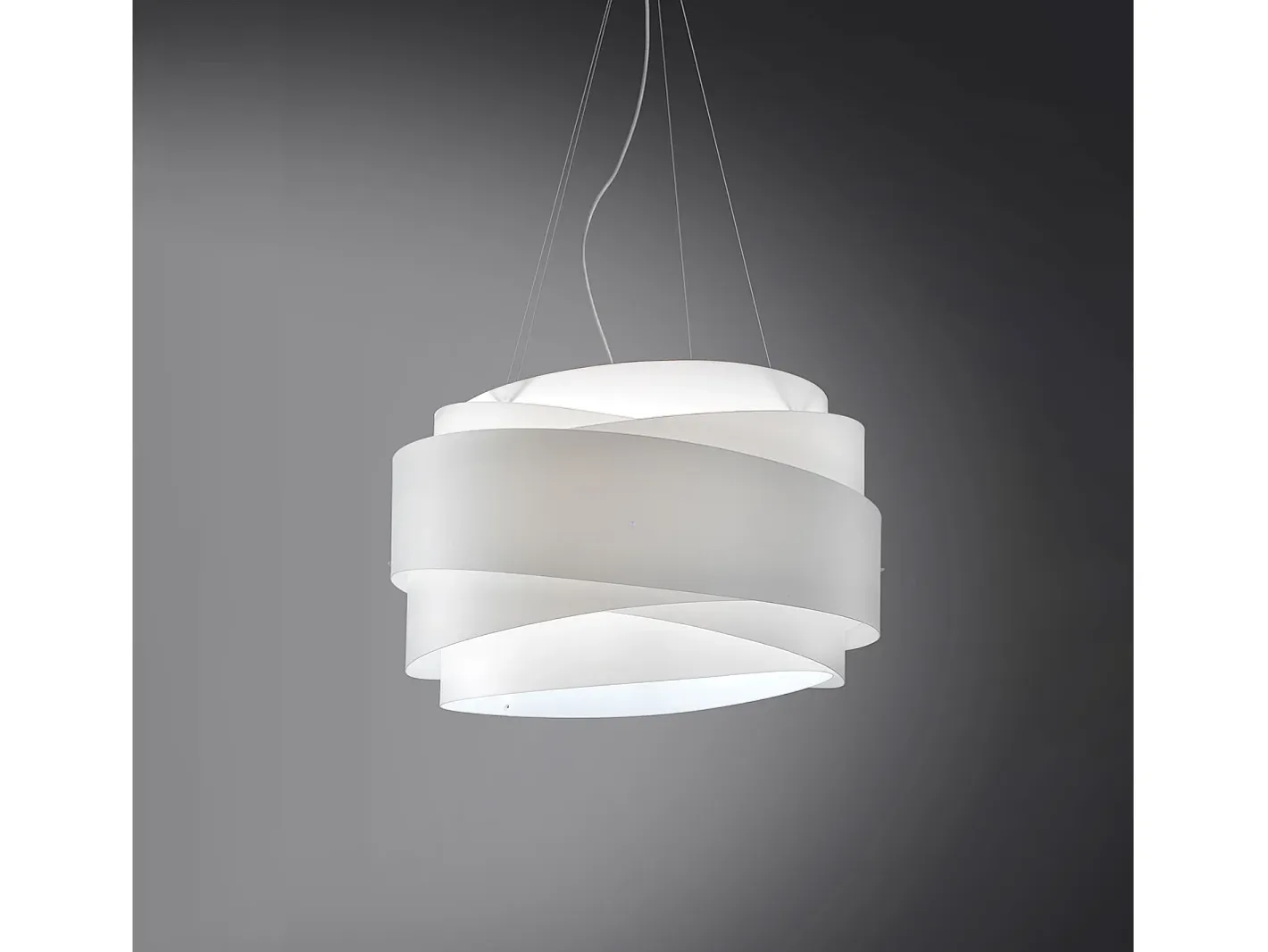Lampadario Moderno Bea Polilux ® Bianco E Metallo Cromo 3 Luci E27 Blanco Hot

━━━━

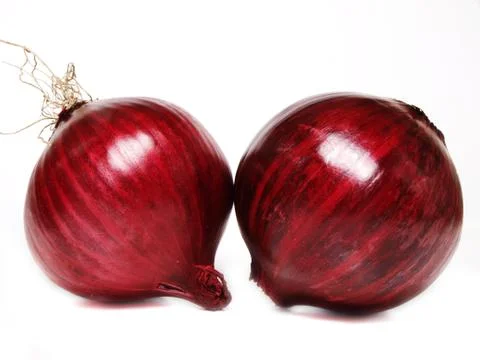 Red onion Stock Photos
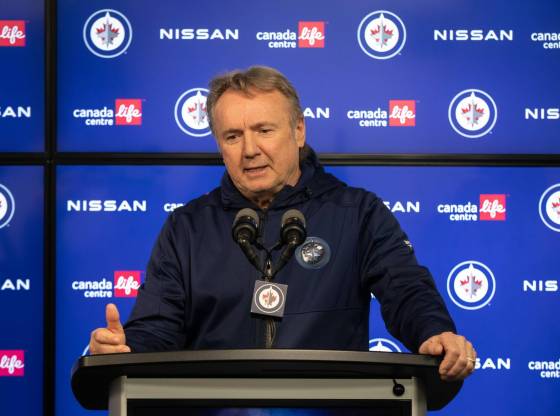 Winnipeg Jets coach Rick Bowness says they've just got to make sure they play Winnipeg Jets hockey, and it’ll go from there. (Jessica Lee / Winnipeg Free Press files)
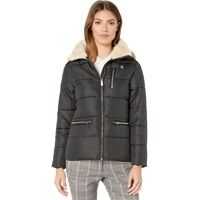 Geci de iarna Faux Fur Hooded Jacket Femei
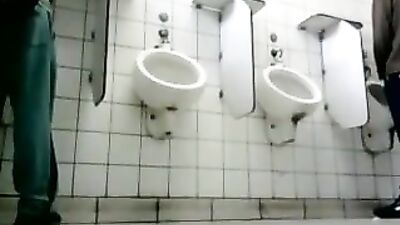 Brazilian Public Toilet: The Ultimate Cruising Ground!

━━━━

» **ACTIVITY**: Quote the lines above exactly, starting with the one that has "Red onion Stock Photos" and ending with the one that has "Brazilian Public Toilet: The"; drop the pictures and include nothing else.

» **RESULT OF THIS TASK**:
 Red onion Stock Photos
 Winnipeg Jets coach Rick Bowness says they've just got to make sure they play Winnipeg Jets hockey, and it’ll go from there. (Jessica Lee / Winnipeg Free Press files)
 Geci de iarna Faux Fur Hooded Jacket Femei
 Brazilian Public Toilet: The Ultimate Cruising Ground!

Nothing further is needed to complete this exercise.